BEGIN EXTRACTED MATERIAL

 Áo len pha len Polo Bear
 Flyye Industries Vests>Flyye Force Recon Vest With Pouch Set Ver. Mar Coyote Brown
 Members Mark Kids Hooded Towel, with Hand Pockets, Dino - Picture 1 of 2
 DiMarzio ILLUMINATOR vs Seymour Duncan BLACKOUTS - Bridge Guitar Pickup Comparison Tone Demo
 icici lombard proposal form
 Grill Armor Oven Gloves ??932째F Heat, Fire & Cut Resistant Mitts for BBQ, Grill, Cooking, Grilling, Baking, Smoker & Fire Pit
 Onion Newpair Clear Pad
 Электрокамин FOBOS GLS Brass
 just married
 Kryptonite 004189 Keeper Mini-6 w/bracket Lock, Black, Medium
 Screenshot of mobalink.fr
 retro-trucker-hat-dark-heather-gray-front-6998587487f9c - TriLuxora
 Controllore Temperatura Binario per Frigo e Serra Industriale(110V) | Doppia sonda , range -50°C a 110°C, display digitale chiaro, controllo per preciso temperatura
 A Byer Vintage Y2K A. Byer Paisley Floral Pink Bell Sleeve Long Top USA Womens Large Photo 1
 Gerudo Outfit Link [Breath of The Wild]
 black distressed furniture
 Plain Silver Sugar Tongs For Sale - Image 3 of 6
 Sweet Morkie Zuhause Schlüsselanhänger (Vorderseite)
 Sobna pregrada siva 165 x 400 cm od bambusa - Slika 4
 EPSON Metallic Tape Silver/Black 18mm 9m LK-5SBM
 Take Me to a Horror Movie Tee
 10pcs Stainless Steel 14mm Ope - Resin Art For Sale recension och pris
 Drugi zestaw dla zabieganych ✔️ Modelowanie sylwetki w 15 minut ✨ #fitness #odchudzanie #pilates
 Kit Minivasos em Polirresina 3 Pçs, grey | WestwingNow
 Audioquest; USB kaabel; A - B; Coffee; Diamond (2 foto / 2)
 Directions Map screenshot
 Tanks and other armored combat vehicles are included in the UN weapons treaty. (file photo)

END EXTRACTED MATERIAL

=== WHAT YOU HAVE TO DO ===
In the listing above, locate the line with "Onion Newpair Clear Pad" and the line with "Directions Map screenshot", then extract exactly those lines and every line between them, and nothing more.

=== TASK RESULT ===
 Onion Newpair Clear Pad
 Электрокамин FOBOS GLS Brass
 just married
 Kryptonite 004189 Keeper Mini-6 w/bracket Lock, Black, Medium
 Screenshot of mobalink.fr
 retro-trucker-hat-dark-heather-gray-front-6998587487f9c - TriLuxora
 Controllore Temperatura Binario per Frigo e Serra Industriale(110V) | Doppia sonda , range -50°C a 110°C, display digitale chiaro, controllo per preciso temperatura
 A Byer Vintage Y2K A. Byer Paisley Floral Pink Bell Sleeve Long Top USA Womens Large Photo 1
 Gerudo Outfit Link [Breath of The Wild]
 black distressed furniture
 Plain Silver Sugar Tongs For Sale - Image 3 of 6
 Sweet Morkie Zuhause Schlüsselanhänger (Vorderseite)
 Sobna pregrada siva 165 x 400 cm od bambusa - Slika 4
 EPSON Metallic Tape Silver/Black 18mm 9m LK-5SBM
 Take Me to a Horror Movie Tee
 10pcs Stainless Steel 14mm Ope - Resin Art For Sale recension och pris
 Drugi zestaw dla zabieganych ✔️ Modelowanie sylwetki w 15 minut ✨ #fitness #odchudzanie #pilates
 Kit Minivasos em Polirresina 3 Pçs, grey | WestwingNow
 Audioquest; USB kaabel; A - B; Coffee; Diamond (2 foto / 2)
 Directions Map screenshot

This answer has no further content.